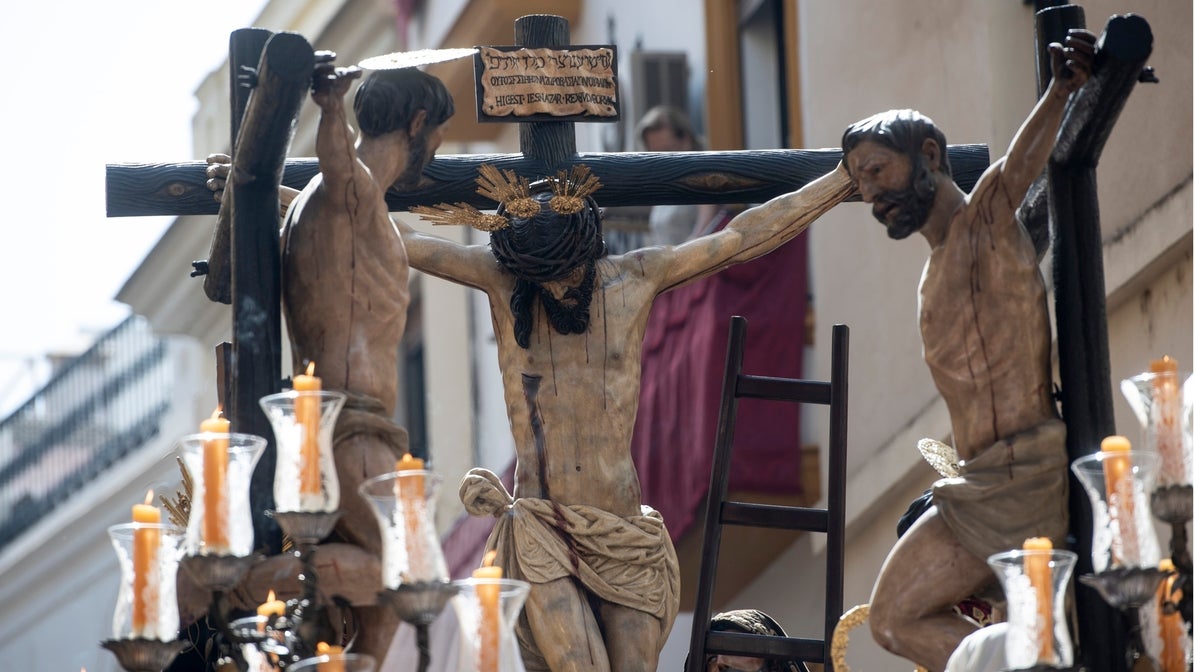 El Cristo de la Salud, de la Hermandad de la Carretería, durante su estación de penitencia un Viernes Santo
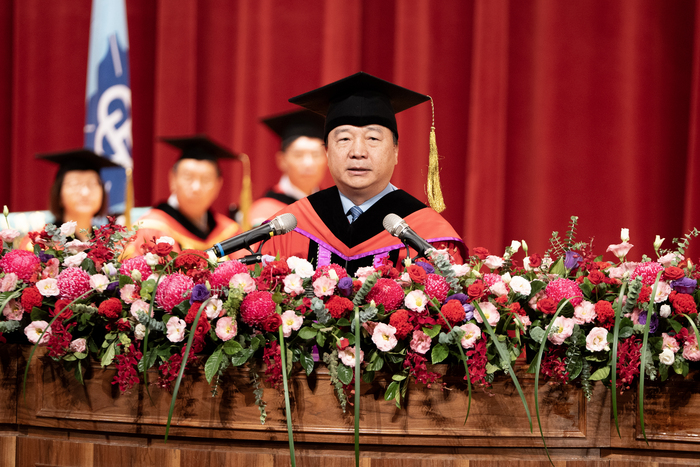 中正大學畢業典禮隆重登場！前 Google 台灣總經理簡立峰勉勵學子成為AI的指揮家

++++++++

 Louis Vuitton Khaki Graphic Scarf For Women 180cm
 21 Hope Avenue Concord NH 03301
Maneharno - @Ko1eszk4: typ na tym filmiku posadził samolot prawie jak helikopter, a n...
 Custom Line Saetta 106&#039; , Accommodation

++++++++

### TASK GOAL
Write out, from the lines above, only those from the line with "Louis Vuitton Khaki" to the line with "Custom Line Saetta 106&#039; , Accommodation", exactly as given, including the first and the last.

### ANSWER AREA
 Louis Vuitton Khaki Graphic Scarf For Women 180cm
 21 Hope Avenue Concord NH 03301
Maneharno - @Ko1eszk4: typ na tym filmiku posadził samolot prawie jak helikopter, a n...
 Custom Line Saetta 106&#039; , Accommodation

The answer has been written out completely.